Beer, the time honored tradition and testament to physical activity, outdoor work, and outdoor play. However lugging along a 32 pack of bottles to your favorite 3 mile walk-in site on the sandy bluffs overlooking the Pacific does not sound like the best idea to most people. Not to mention if you live in a state (ahem, California) that places a Mexico-style, per bottle/can, refundable recycling tax on each bottle. However, there is a better way that will allow you to drink good local craft beer while camping, but without the extra weight and without the bottle tax, and it is called a growler.
If you live in a city with a decent sized population you likely live near at least one local craft/micro brewery that produces beer that is far better than Budweiser (no offense if you happen to like Bud, its just not my beer of choice). Most of these breweries will sell you what is called a Growler by the beer pros. A growler is a half-gallon of beer sold in the brewery’s own large jug. Often you will pay extra for the first fill to cover the cost of the jug, but each subsequent refill is just at the cost of the beer, which is usually at a reduced price over buying it by the pint in their fine establishment.

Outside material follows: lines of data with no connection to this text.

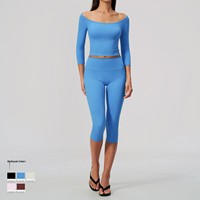 Setelan Yoga Slim Waist Cinched Lengan Lima Perempat High Waist Pengangkat Bokong Pengontrol Perut untuk Olahraga Yoga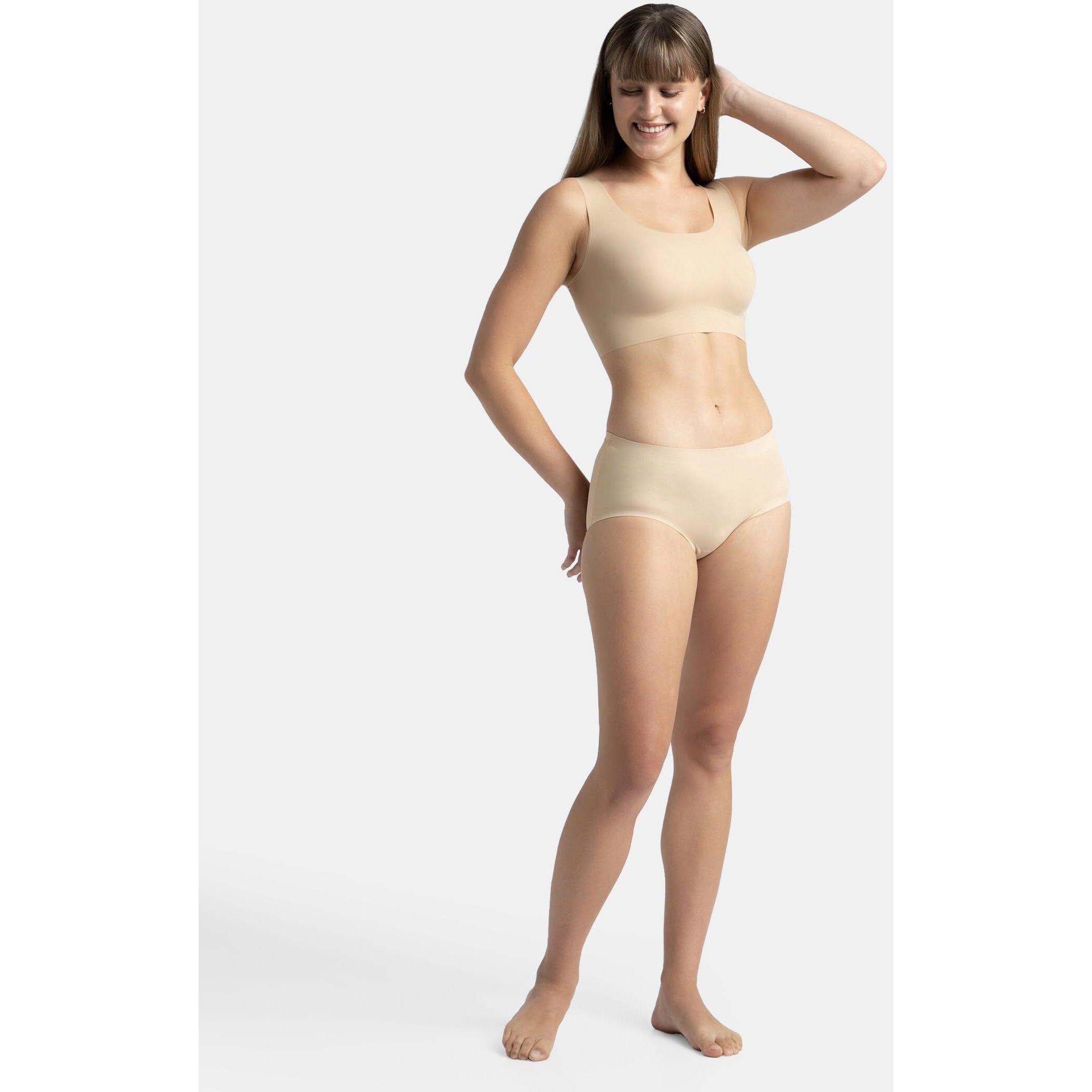 Jockey Women's Polyamide Wire Free Full-Coverage Bra (1839_Skin_L_Skin_L)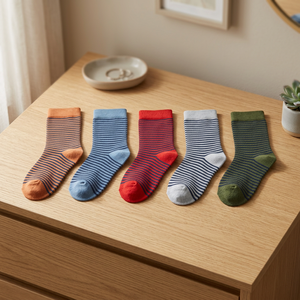Chaussettes courtes pour enfants en coton peigné, couleur unie, style macaron, double aiguille, pour garçons et filles, collection printemps-automne - Product Image 3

The benefit of camping with growlers, especially at walk-in sites or pack-in/pack-out sites, is that you can carry a larger amount of beer with less weight, hassle, and at a lesser cost. I have found that growlers to be so much easier to deal with when camping and save so much money that I will only bring these when camping from now on, and not to mention the environmental benefits of not using all of those bottles and cans.
One of the questions that you may be asking yourself is how do you keep the growler cold while camping. That is a fair question, and the answer comes in two words: Growler Cooler. Growler Coolers come in a few varieties, and most craft/micro breweries sell their own branded growler coolers too. The most common growler coolers are ones where the bottle is zippered in from the top and is completely insulated from the elements similar to this one:
However, there are also some other varieties that cover most of the bottle, but not the neck of the jug, such as this one:
And then there are the ultimate double growler coolers, which I have never personally used, but am interested in trying out:
Regardless of what type of growler cooler you may have, the best way to keep your growlers cool is to rotate them into the ice chest that you are keeping your food in (if you are camping with an ice chest). In fact, if I am camping with a cooler and growlers, I will often rotate my growlers between my growler carriers and the cooler prior to drinking from them. In the end the growler cooler may not even be required if you have enough room in your food cooler.
Remember kids, drinking beer is great, drinking cold beer on the cheap without breaking your back is legendary!